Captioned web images
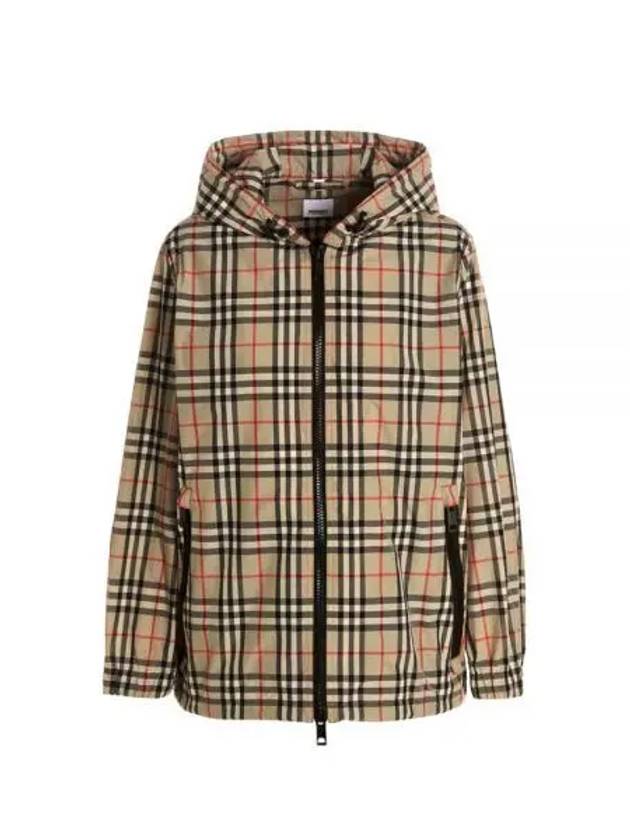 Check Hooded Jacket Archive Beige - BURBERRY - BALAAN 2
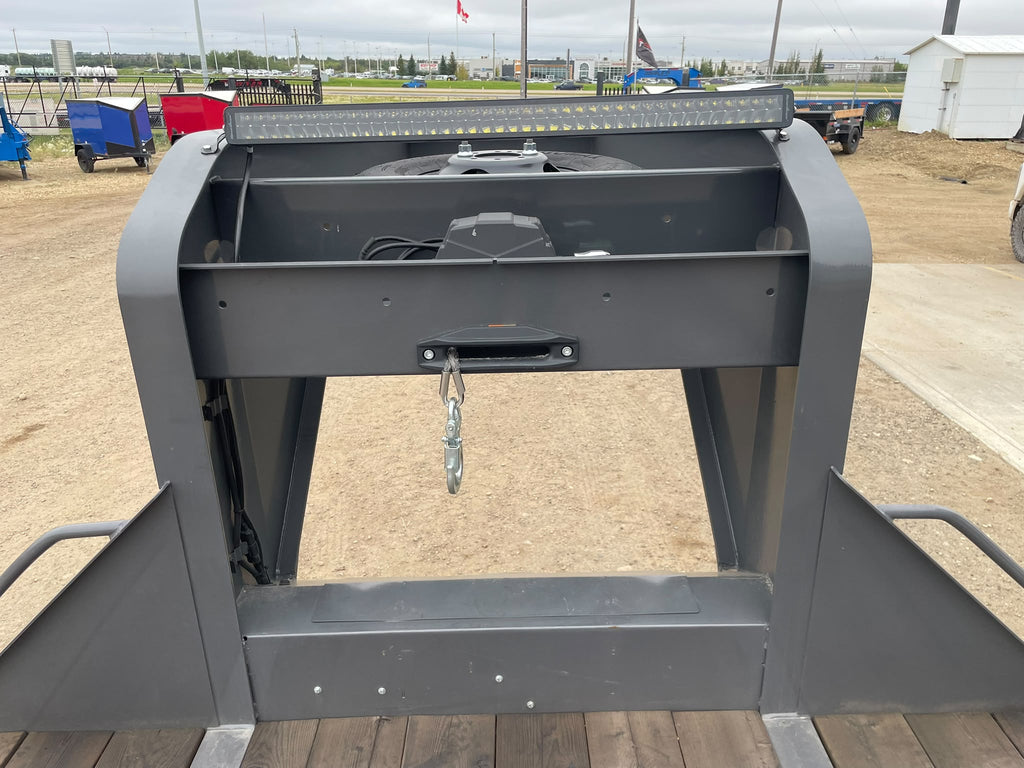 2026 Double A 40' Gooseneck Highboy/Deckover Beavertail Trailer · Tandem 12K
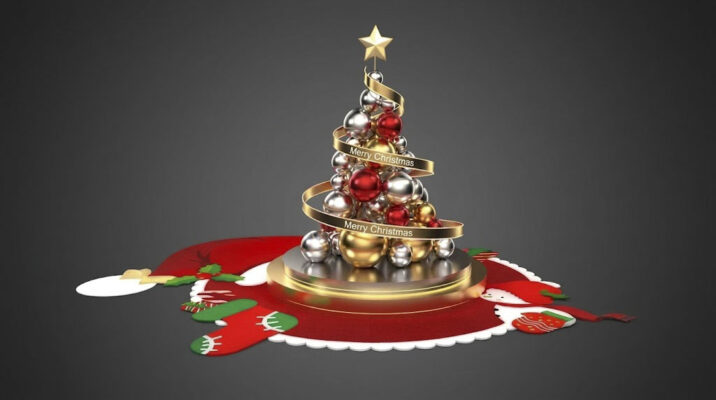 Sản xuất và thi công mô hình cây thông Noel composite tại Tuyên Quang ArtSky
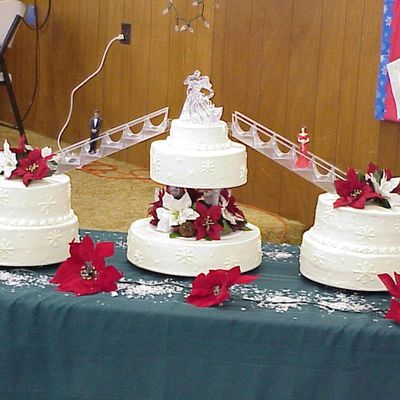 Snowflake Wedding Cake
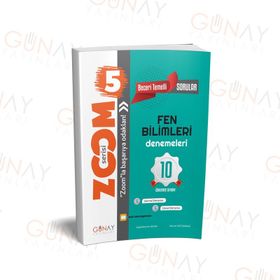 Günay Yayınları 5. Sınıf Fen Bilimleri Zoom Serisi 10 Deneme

WHAT YOU ARE ASKED TO DO:
Although the records contain pictures, the copy should consist of their text alone, reproduced exactly.

RESULT OF THE EXERCISE:
 Check Hooded Jacket Archive Beige - BURBERRY - BALAAN 2
 2026 Double A 40' Gooseneck Highboy/Deckover Beavertail Trailer · Tandem 12K
 Sản xuất và thi công mô hình cây thông Noel composite tại Tuyên Quang ArtSky
 Snowflake Wedding Cake
 Günay Yayınları 5. Sınıf Fen Bilimleri Zoom Serisi 10 Deneme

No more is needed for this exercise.